N’étant pas valablement légalisés, et alors qu’une légalisation irrégulière équivaut à une absence de légalisation, ces acte et décision ne peuvent produire effet en France.
Il convient en outre de relever que M. [Y] [A] avait produit lors de la souscription de sa déclaration acquisitive de nationalité française un simple extrait d’acte de naissance, alors que l’article 16 du décret n° 93-1362 du 30 décembre 1993 relatif aux déclarations de nationalité, aux décisions de naturalisation, de réintégration, de perte, de déchéance et de retrait de la nationalité française, prévoit que le déclarant, pour souscrire la déclaration prévue à l’article 21-12 du code civil, doit fournir depuis le 1er janvier 2020 non plus un simple extrait mais un acte de naissance, ce qu’il ne communique pas davantage dans le cadre de la présente procédure.
Ainsi, sans qu’il y ait lieu d’examiner les autres moyens soulevés par le ministère public, il en découle que M. [Y] [A] ne justifie pas d’un état civil certain et partant, de sa minorité à la date de la souscription de sa déclaration acquisitive de nationalité française.
Or, nul ne peut se voir reconnaître la nationalité française, à quelque titre et sur quelque fondement que ce soit, s’il ne justifie pas de façon certaine de son état civil par la production d’un acte de naissance répondant aux exigences de l’article 47 du code civil.

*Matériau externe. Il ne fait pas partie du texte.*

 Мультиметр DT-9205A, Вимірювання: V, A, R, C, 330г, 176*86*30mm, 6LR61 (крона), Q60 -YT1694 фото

Il s’ensuit que l’enregistrement de la déclaration souscrite par M. [Y] [A] doit être annulé et son extranéité, constatée.

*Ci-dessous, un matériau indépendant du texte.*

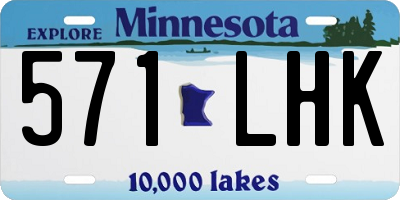 MN license plate 571LHK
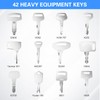 42PCS Heavy Equipment Keys Master Set, Universal Operator Construction Ignition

Par ailleurs, la mention prévue par l’article 28 du code civil sera ordonnée.
Sur les autres demandes
Succombant, M. [Y] [A] supportera la charge des dépens. Il ne peut dès lors prétendre à l’octroi d’une indemnité au titre de l’article 700 du code de procédure civile.
PAR CES MOTIFS
Le tribunal,
Statuant publiquement, par jugement contradictoire et en premier ressort,
CONSTATE que le récépissé prévu par l’article 1040 du code de procédure civile a été délivré ;
ANNULE l’enregistrement de la déclaration souscrite par Monsieur [Y] [A];
Dit que Monsieur [Y] [A], se disant né le 4 septembre 2005 à [Localité 9] (Guinée) n’est pas de nationalité française ;
ORDONNE la mention prévue par l’article 28 du code civil ;
REJETTE la demande présentée par Monsieur [Y] [A] au titre de l’article 700 du code de procédure civile ;
CONDAMNE Monsieur [T] [A] aux dépens.